Sometimes I feel very connected to my maternal grandfather who died before I was born. He was a German linguist and collected words, more specifically words of the Low German dialect. My mother told us about the filing cabinets in his study, filled with one word on each card and a definition. People would send him words, and he would travel around northern Germany to explore and discover the meaning and use of these words. Eventually, in 1927, he published a 5 volume set of a Low German dictionary and it was re-printed in 1984, still used today! The power of words!
I enjoy playing with words in my own way and noticing my response to them. Sometimes a word just pops into my head and wants to be considered. This morning, it was the word potency. It felt so good, I had to play with it! I discovered that the words potential, possibility and potency all share the same Latin root “posse”, which means: “to be able”.

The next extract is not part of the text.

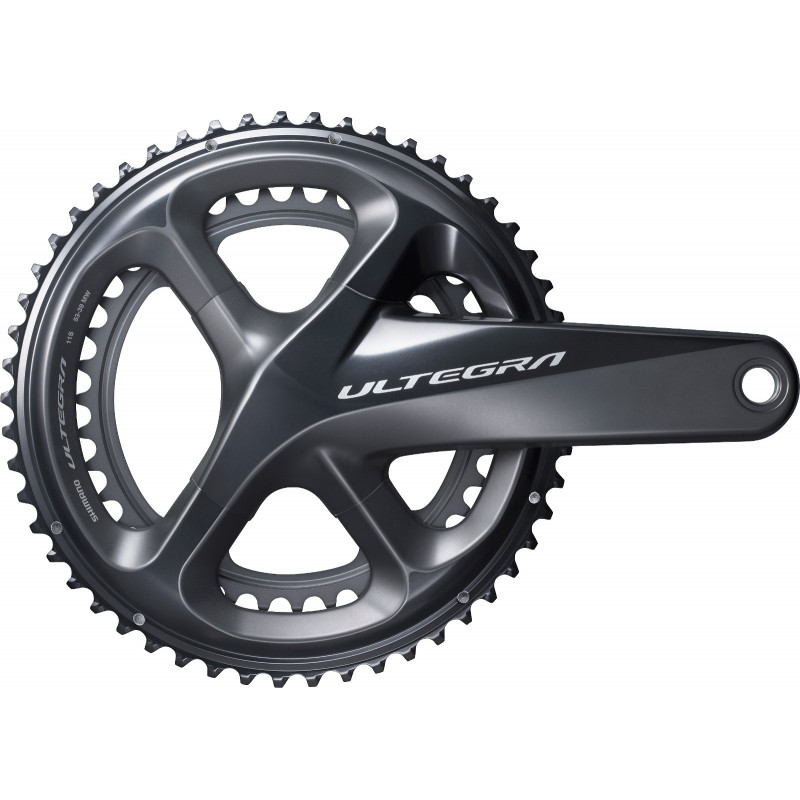 Shimano Ultegra Kurbel 175mm 36/52, FC-R8000EX26  OHNE LAGER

When I consider the word potential, interestingly enough, my first response is to come up with some feelings of guilt and shame. I feel like I am young girl in school and I have not done my homework. My teacher is just about to find out and let me know that this is not acceptable.
Somehow this word actively connects me to my inner judge who tells me that I may not be living up to my potential and that I should do more of “this” and less of “that”. It immediately pulls me into a state of being that has been created by taking on the rules, judgments and beliefs of family, friends and society, I all of a sudden feel smaller, shoulders are hunching forward and I am not breathing fully. Sounds familiar?
This is so interesting, because is all only happening in my mind. The word potential in itself does not have that sense of limitation, just the opposite actually: “to be able”. So where does this limiting interpretation come from?
I attribute a good part of it to the personal growth movement that often places a focus on phrases like “reaching one’s potential”, “living up to one’s potential” with an emphasis on needing to get somewhere. The idea is that we are not good enough, loveable and acceptable as we are, but only when we have accomplished certain visible milestones. Ahh, the pressure!!! No wonder I feel compressed when I think about that and this is an invitation to shift my underlying beliefs around this!
I notice that I have a completely different reaction to the word possibility, which shares the same Latin root. Somehow, possibility opens a different door in my being. It lovingly leads to expansion and excitement, indicators that I am connecting to my heart rather than my mind. Possibility brings me into a creative space of asking questions, of generating ideas, of re-visiting concepts and seeing how I can look at them from a different perspective. I do not experience the judgment and limitation of my mind here and can enjoy a sense of spaciousness in and around me. Definitely a word I want to hang out with!
This brings me to my “yummy” word for today: potency !
To me it is different than both potential and possibility. It conjures up images of something expansive and magical that is not clearly defined and even has a somewhat mysterious quality to it. I immediately have a vision of a dark, welcoming, womb-like space that is full of life force. I cannot see all that is there, yet I sense the fullness and richness of what is available. There is a power and strength underlying that I can connect to. I can rest here and replenish myself.
This place of potency is free of judgment and expectation. I can relax into the acceptance of being myself and am not pulled into thoughts of the past or the future. I can be in the present moment and allow peace and joy to arise in me. I feel alive and connected to myself and everything around me. I am in the flow of life.
How can it get any better than that?